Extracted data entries
• • • • • • •

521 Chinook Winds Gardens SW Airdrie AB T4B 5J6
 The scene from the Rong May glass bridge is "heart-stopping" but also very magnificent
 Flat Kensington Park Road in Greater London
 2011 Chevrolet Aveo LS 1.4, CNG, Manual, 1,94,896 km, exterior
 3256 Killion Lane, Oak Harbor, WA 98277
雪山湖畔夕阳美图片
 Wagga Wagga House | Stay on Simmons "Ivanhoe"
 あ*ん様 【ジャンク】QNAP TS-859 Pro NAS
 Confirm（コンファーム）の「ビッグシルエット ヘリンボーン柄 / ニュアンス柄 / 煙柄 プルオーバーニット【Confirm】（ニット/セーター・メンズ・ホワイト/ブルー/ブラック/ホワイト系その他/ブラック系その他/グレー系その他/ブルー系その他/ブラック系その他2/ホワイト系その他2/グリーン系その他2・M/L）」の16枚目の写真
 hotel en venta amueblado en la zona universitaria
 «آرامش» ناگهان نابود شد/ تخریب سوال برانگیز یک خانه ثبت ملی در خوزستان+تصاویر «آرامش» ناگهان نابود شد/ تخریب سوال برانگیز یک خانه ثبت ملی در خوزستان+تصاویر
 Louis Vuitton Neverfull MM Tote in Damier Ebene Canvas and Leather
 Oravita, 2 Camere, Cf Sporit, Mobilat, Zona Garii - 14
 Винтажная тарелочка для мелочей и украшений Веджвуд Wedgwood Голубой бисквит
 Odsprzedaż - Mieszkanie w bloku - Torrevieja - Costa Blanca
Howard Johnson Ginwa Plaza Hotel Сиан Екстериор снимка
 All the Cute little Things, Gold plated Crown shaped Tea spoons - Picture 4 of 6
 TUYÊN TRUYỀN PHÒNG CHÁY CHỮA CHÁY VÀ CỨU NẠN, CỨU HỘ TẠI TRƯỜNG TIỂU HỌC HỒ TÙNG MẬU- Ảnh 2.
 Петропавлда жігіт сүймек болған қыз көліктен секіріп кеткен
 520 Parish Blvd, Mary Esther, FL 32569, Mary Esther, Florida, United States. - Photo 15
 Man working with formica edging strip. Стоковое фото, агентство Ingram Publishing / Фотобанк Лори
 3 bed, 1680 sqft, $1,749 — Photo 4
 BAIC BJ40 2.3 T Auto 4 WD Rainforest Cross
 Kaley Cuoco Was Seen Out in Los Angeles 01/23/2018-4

• • • • • • •

> _Work order_: Look above for the line with "Howard Johnson Ginwa" and the line with "3 bed, 1680 sqft, $1,749 — Photo 4"; transcribe both and all lines in between, exactly, and nothing else.

> _Expected answer_:
Howard Johnson Ginwa Plaza Hotel Сиан Екстериор снимка
 All the Cute little Things, Gold plated Crown shaped Tea spoons - Picture 4 of 6
 TUYÊN TRUYỀN PHÒNG CHÁY CHỮA CHÁY VÀ CỨU NẠN, CỨU HỘ TẠI TRƯỜNG TIỂU HỌC HỒ TÙNG MẬU- Ảnh 2.
 Петропавлда жігіт сүймек болған қыз көліктен секіріп кеткен
 520 Parish Blvd, Mary Esther, FL 32569, Mary Esther, Florida, United States. - Photo 15
 Man working with formica edging strip. Стоковое фото, агентство Ingram Publishing / Фотобанк Лори
 3 bed, 1680 sqft, $1,749 — Photo 4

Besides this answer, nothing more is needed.